I dug out a few tasks I had made in the past and started working on quite a few new ones. This was the "easy" part, the challenge was the infrastructure. As I was comfortable with Google Cloud Platform, I picked GCP as my cloud provider. The first thing I looked at was Google Cloud Run, a really neat serverless service. Dockerize the challenge, deploy, and only pay when the container is processing incoming and outgoing traffic. It seemed too good to be true, and unfortunately, it was. I had this odd edge case, where quite a few challenges required interaction over raw TCP. The problem was that Cloud Run requires apps that communicate over HTTP, so back to the drawing board I went. The next obvious choice was Google Compute Engine, a virtual machine.
Since every challenge was a docker container, in addition to there being a docker image for CTFd I ended up putting it all into a docker-compose file. Now I could easily start every challenge rapidly, but I still had the issue of setting up subdomains and TLS certificates. I had used nginx in the past, but as I started configuring, I soon realized that it would be far too tedious to do manually. There had to be a better way, and there was. After some intense research, I discovered Traefik. Traefik was a total game-changer, if only we had known about this back in my university days. It could do subdomains, service discovery, certificates, and routing. Again, it seemed almost too good to be true, but luckily for me, this time it turned out to be to be the missing piece to the puzzle.
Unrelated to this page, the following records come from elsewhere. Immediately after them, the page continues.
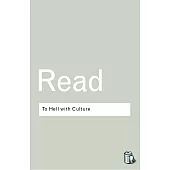 To Hell With Culture: And Other Essays on Art and Society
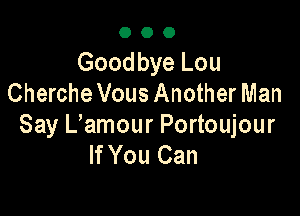 OOO

Goodbye Lou
ChercheVous Another Man

Say L'amour Portoujour
If You Can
Traefik was a little finicky to begin with, with their documentation was somewhat lacking in examples. Especially when it came to the business of issuing certificates. I wanted to issue a wild card certificate, but there weren't good any examples in the documentation on how to do this. Secondly, my domain provider didn't even support wild card certs in with their DNS service. Cloudflare came to the rescue. It was free, and very straight forward to set up. Quite a few StackOverflow threads later, I finally figured out how to accomplish what I wanted to achieve. This was the final piece of my infrastructure puzzle. Traefik, CTFd, and the challenges all bundled together in a docker-compose file. One docker-compose up -d
later, and I was good to go. All though I did mess things up by repeatedly deleting a folder containing certificates causing my infrastructure to request way too many certs from Let's Encrypt and having to change the subdomains of multiple challenges, it was overall a great success. I managed to pull it all together before the deadline. Hours of hard work and research finally paid off. The CTF was a success and ran without any major hiccups.
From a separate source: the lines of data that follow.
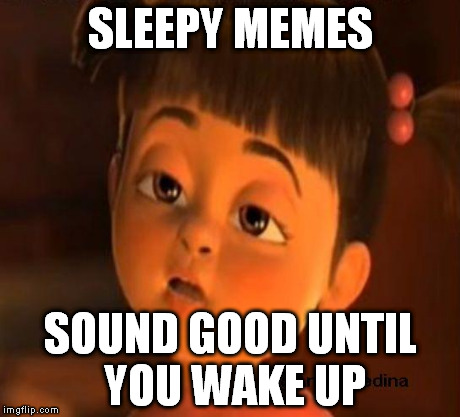 Sleepy girl | SLEEPY MEMES SOUND GOOD UNTIL YOU WAKE UP | image tagged in sleepy girl,memes | made w/ Imgflip meme maker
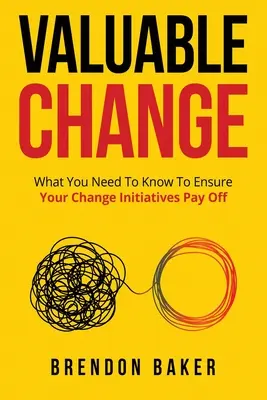 Wartościowa zmiana: Co musisz wiedzieć, aby zmiana się opłaciła - Valuable Change: What You Need to Know to Ensure Your Change Pays Off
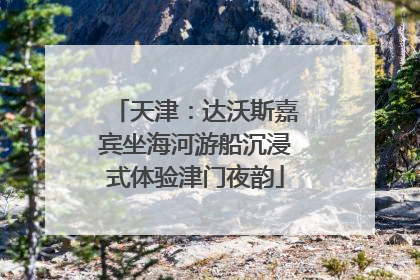 天津：达沃斯嘉宾坐海河游船沉浸式体验津门夜韵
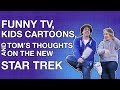 Funny TV, Kids' Cartoons, and Tom's Thoughts on the New Star Trek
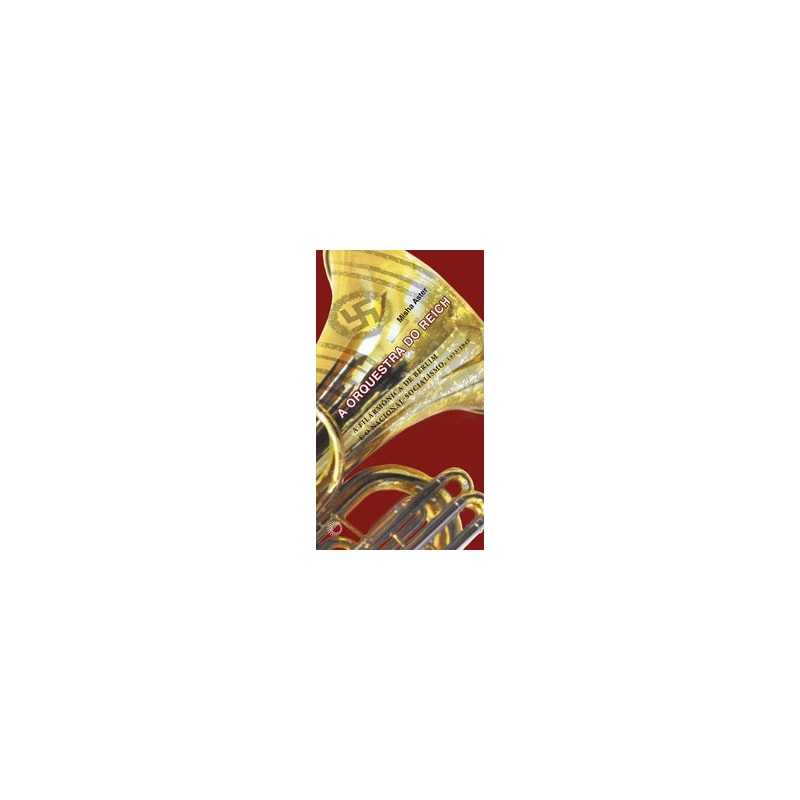 A ORQUESTRA DO REICH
My new platform is by no means perfect, and there are some things I wish were different. Like having a proper CI/CD pipeline for deploying the challenges. I don't think my setup will scale very well, and I wish to introduce proper container orchestration with Kubernetes in the future. At least it fits my current needs and is way more modular and reusable than it has ever been. I've put down hours and hours of work, and I have learned so much about so many new things throughout the whole process. It has ultimately been a rewarding experience. This may not be the best way to host a CTF. I don't even know if it a good way to host CTF, but this has been how I host a CTF.
I started out with a total mess and ended up with something I can live with, and it suits my current needs. It's easy to set up, and it does the job. Hopefully, this may be of some use if you ever plan on host a CTF for your friends, colleagues, or CTF club. There are several improvements to be made, and I'll keep hacking at it when I find the time. The dream is to build a platform that can be set up with a click in a matter of seconds at the click of a button, but there's a long way to go, and a bumpy road ahead. The current rig probably won't survive over 9000 hackers, but it has survived 30 hackers with great ease.